• [What you have to do]
Transcribe the entries below exactly; leave every image out.

=-=-=-=-=

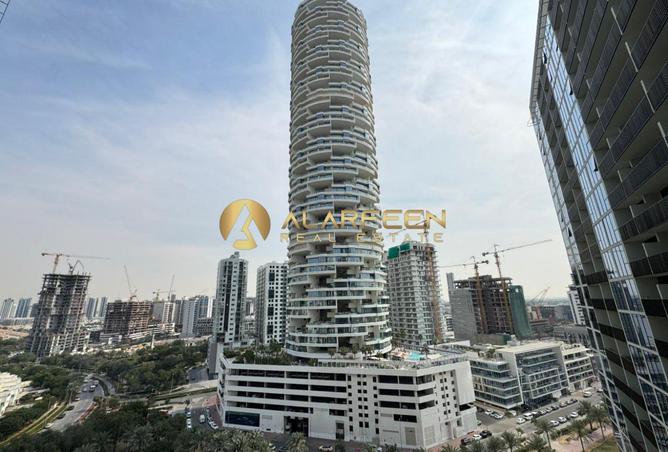 16273879 - Property Main Image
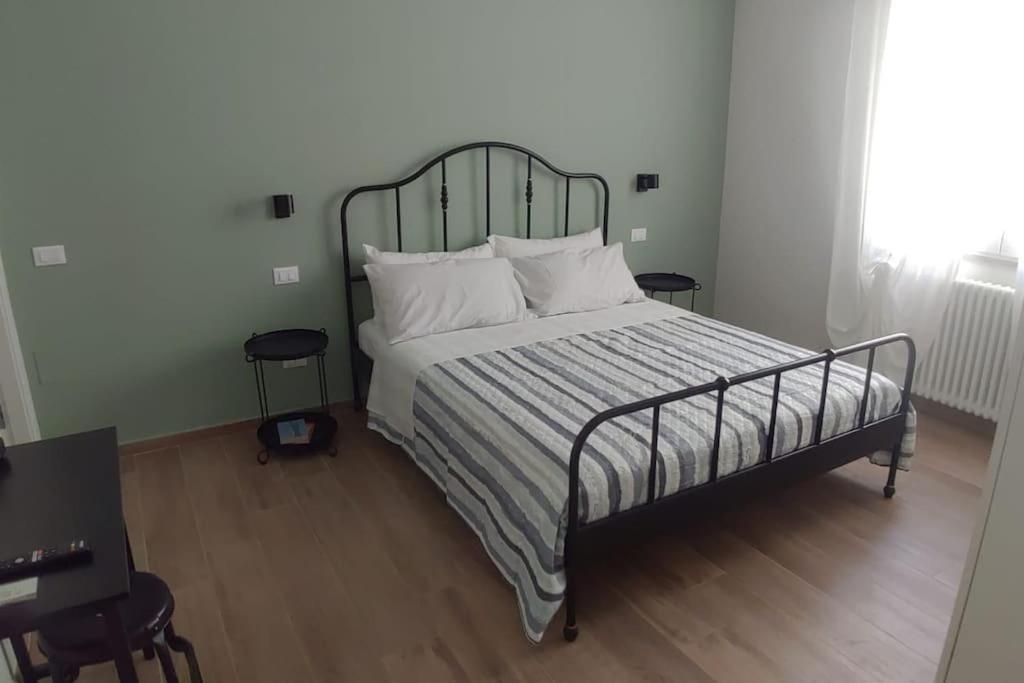 Selenite Home Palermo Ngoại thất bức ảnh
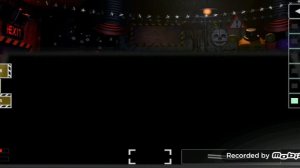 Ultimate Custom Night.  Режим Bears Attack 3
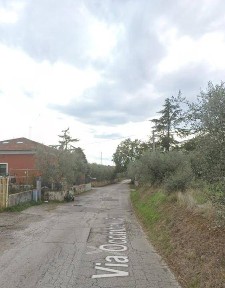 Appartamento all'asta Fosco Occhibelli, Monsummano Terme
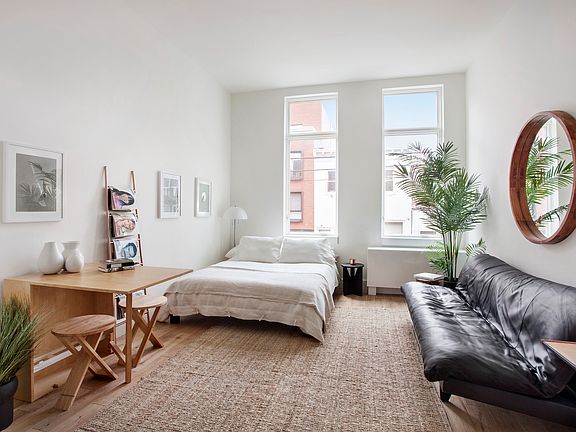 3rd image of 313 Saint Marks Ave APT 2S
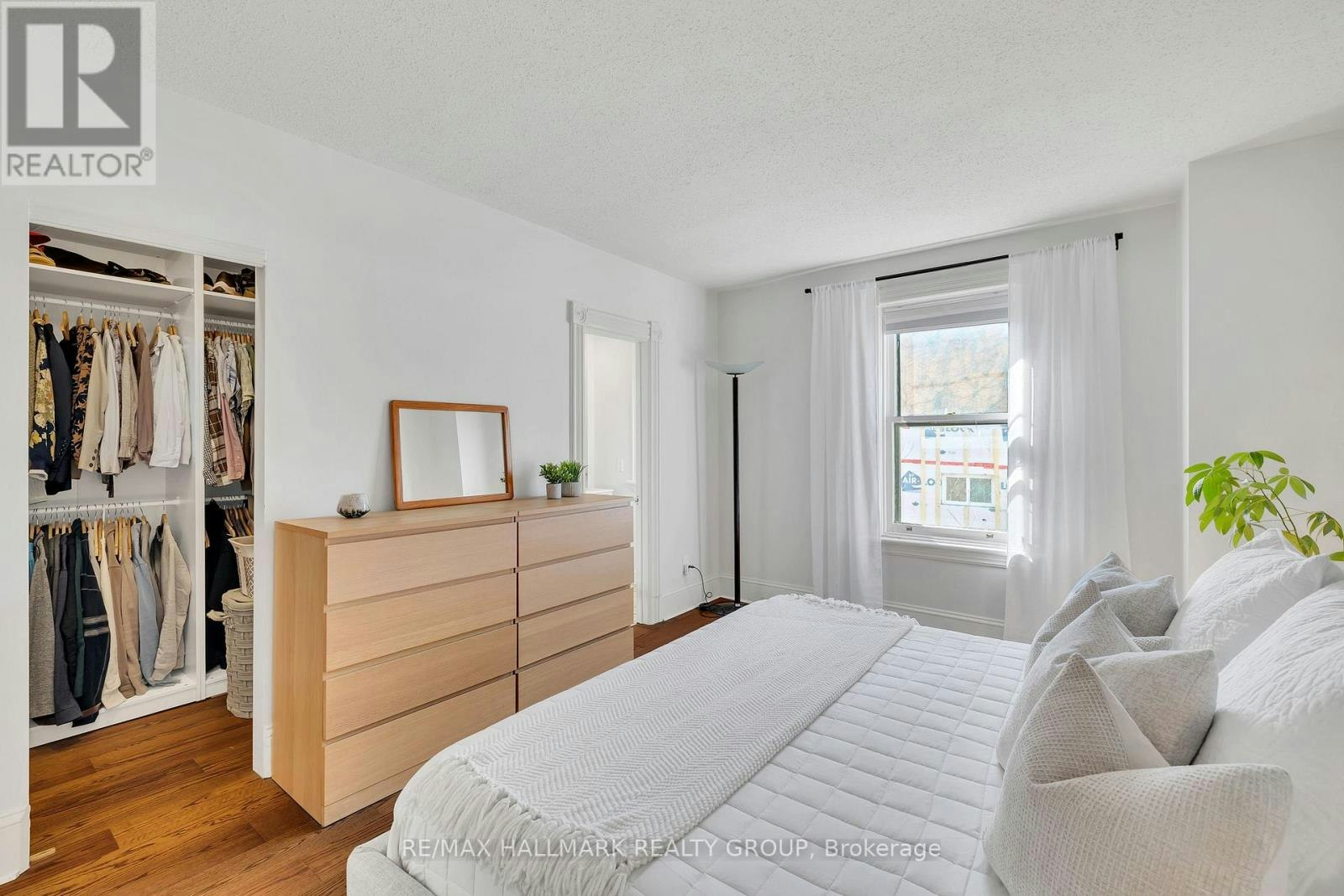 88 King Edward Avenue, Ottawa, ON, K1N 7K7 - 32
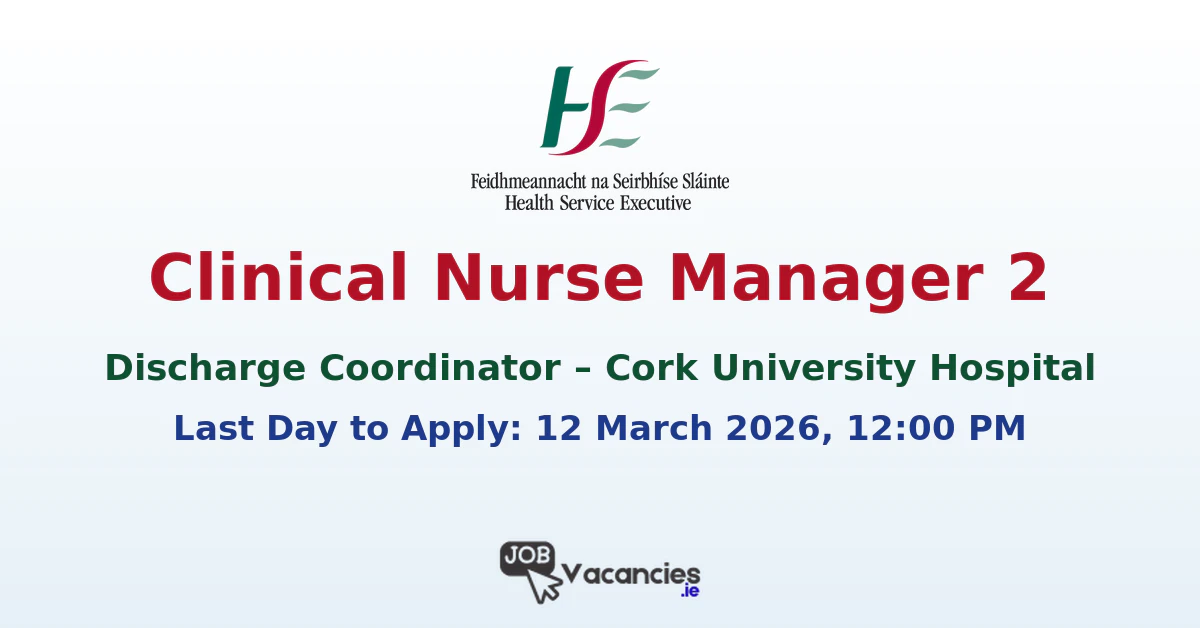 clinical nurse manager 2 1772146047.png
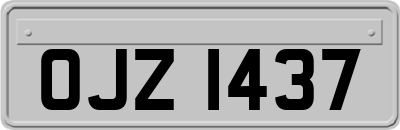 OJZ1437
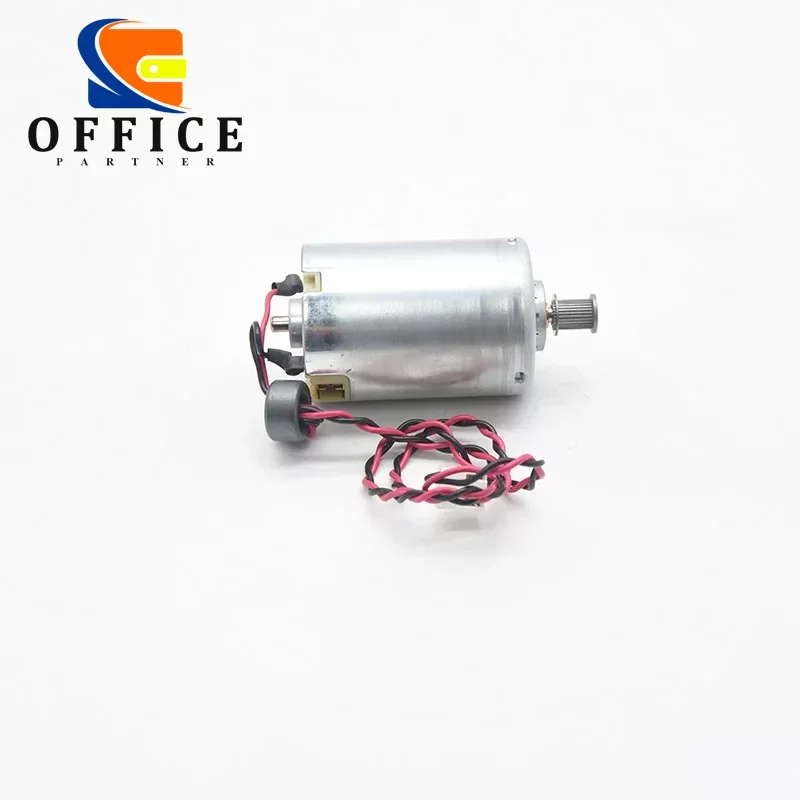 2137379-01 2112637 мотор каретки для Epson L1800 1390 1300 T50 R1400 1410 1430 1500 ME1100 1900 2000 2880 3000 T1100 2400
2137379-01 2112637 мотор каретки для Epson L1800 1390 1300 T50 R1400 1410 1430 1500 ME1100 1900 2000 2880 3000 T1100 2400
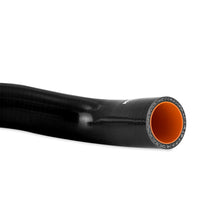 Load image into Gallery viewer, Mishimoto 09+ Pontiac G8 Silicone Coolant Hose Kit - Black - MMHOSE-G8-095BK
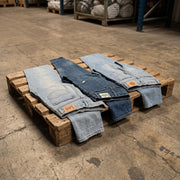 mix-pantalones-vaqueros-de-tiro-alto-02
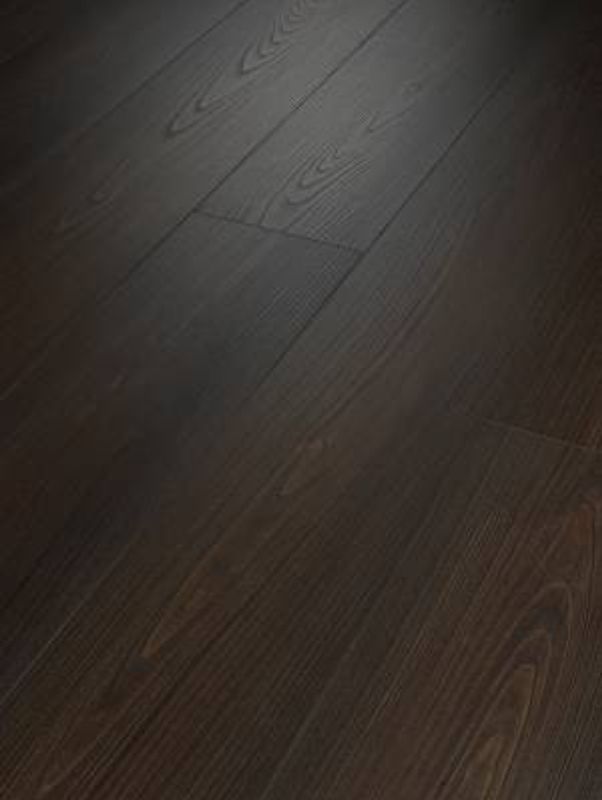 LVP Umber Flooring 9mm 21.79Sqft/Box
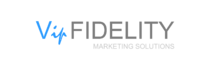 Vipfidelity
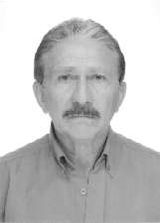 Abelardo Vaz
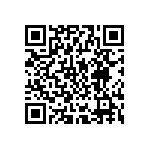 G8VA-1A4-TR-01-DC12 QRCode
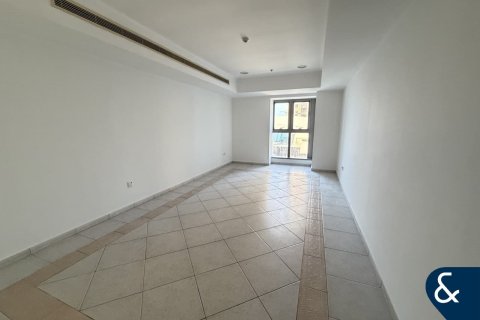 Apartment in Dubai Marina, Dubai 1 bedroom, 86 sq.m. № 99205 - photo 3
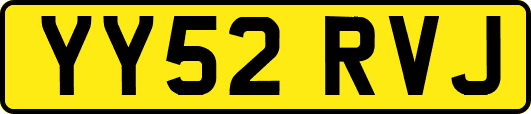 YY52RVJ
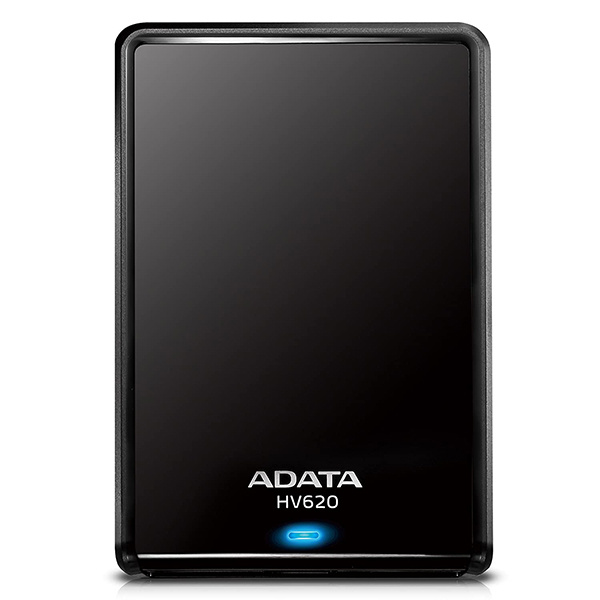 ADATA HV620 1TB 1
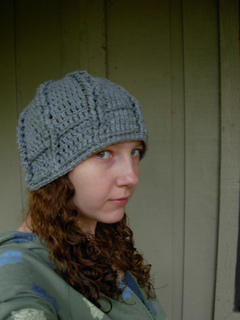 Bella_hat_026_small2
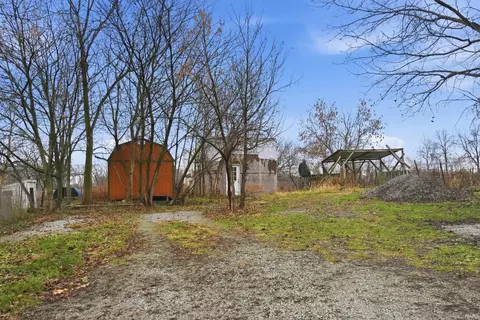 3673 E 600 N Rd, Peru, IN 46970 photo 18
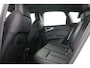 Audi Q4 e-tron 50 quattro Launch edition Advanced Plus 77 kWh | 1e Eigenaar! | Leder | Sonos Audio | Memory Zetels | LED | Camera | Stoelverwarming | Clima | Navi | Parkeersensoren | Elk. Achterklep | Keyless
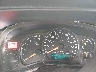 2GCEC19W921****** Salvage 2002 Chevrolet Silverado 1500 in Houston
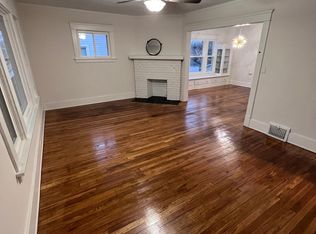 17430 Woodford Ave UNIT 2, Lakewood, OH 44107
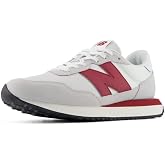 New Balance Men's 237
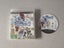 The Smurfs 2 PS3 Game Carousel 1
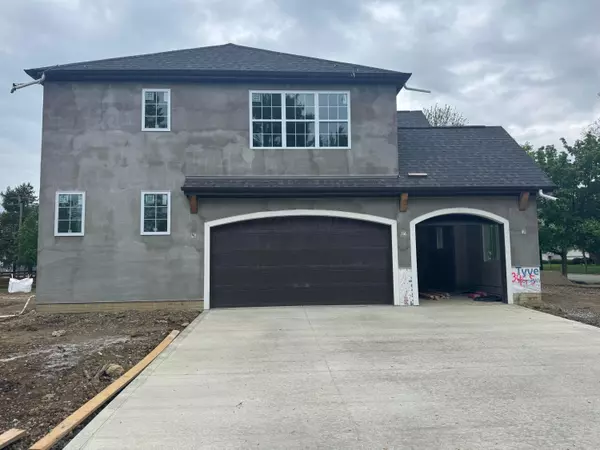 Columbus, OH 43221,3445 Redding Road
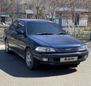  Toyota Carina 1997 , 239000 , --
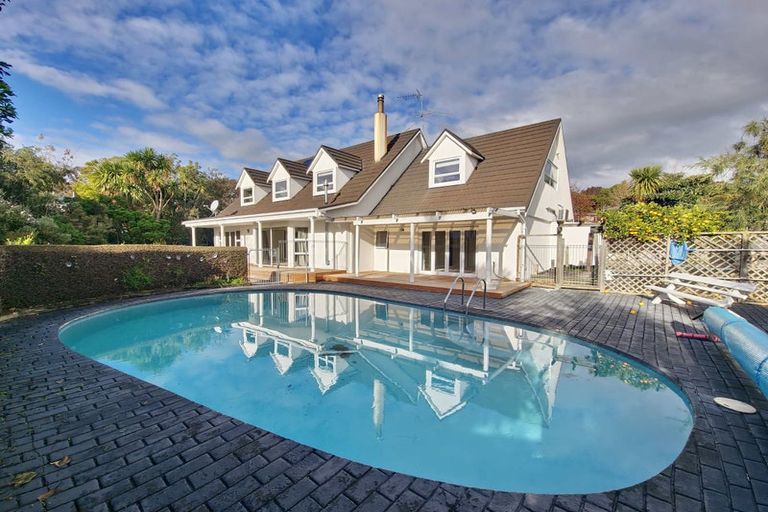 Photo of property in 232 Howick Road, Witherlea, Blenheim, 7201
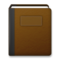 Cuaderno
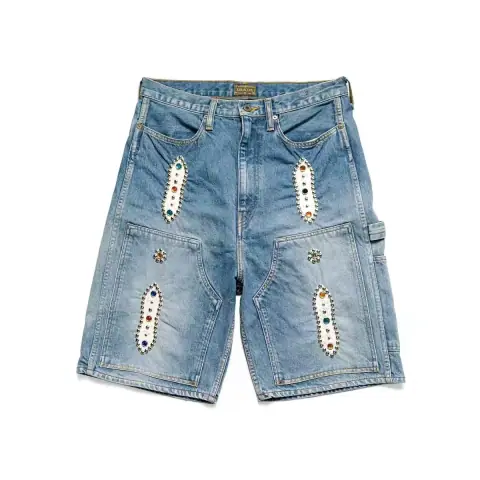 Kapital Jorts 2 on BoonBuy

=-=-=-=-=

• [Your response]
 16273879 - Property Main Image
 Selenite Home Palermo Ngoại thất bức ảnh
 Ultimate Custom Night.  Режим Bears Attack 3
 Appartamento all'asta Fosco Occhibelli, Monsummano Terme
 3rd image of 313 Saint Marks Ave APT 2S
 88 King Edward Avenue, Ottawa, ON, K1N 7K7 - 32
 clinical nurse manager 2 1772146047.png
 OJZ1437
 2137379-01 2112637 мотор каретки для Epson L1800 1390 1300 T50 R1400 1410 1430 1500 ME1100 1900 2000 2880 3000 T1100 2400
2137379-01 2112637 мотор каретки для Epson L1800 1390 1300 T50 R1400 1410 1430 1500 ME1100 1900 2000 2880 3000 T1100 2400
 Load image into Gallery viewer, Mishimoto 09+ Pontiac G8 Silicone Coolant Hose Kit - Black - MMHOSE-G8-095BK
 mix-pantalones-vaqueros-de-tiro-alto-02
 LVP Umber Flooring 9mm 21.79Sqft/Box
 Vipfidelity
 Abelardo Vaz
 G8VA-1A4-TR-01-DC12 QRCode
 Apartment in Dubai Marina, Dubai 1 bedroom, 86 sq.m. № 99205 - photo 3
 YY52RVJ
 ADATA HV620 1TB 1
 Bella_hat_026_small2
 3673 E 600 N Rd, Peru, IN 46970 photo 18
 Audi Q4 e-tron 50 quattro Launch edition Advanced Plus 77 kWh | 1e Eigenaar! | Leder | Sonos Audio | Memory Zetels | LED | Camera | Stoelverwarming | Clima | Navi | Parkeersensoren | Elk. Achterklep | Keyless
 2GCEC19W921****** Salvage 2002 Chevrolet Silverado 1500 in Houston
 17430 Woodford Ave UNIT 2, Lakewood, OH 44107
 New Balance Men's 237
 The Smurfs 2 PS3 Game Carousel 1
 Columbus, OH 43221,3445 Redding Road
  Toyota Carina 1997 , 239000 , --
 Photo of property in 232 Howick Road, Witherlea, Blenheim, 7201
 Cuaderno
 Kapital Jorts 2 on BoonBuy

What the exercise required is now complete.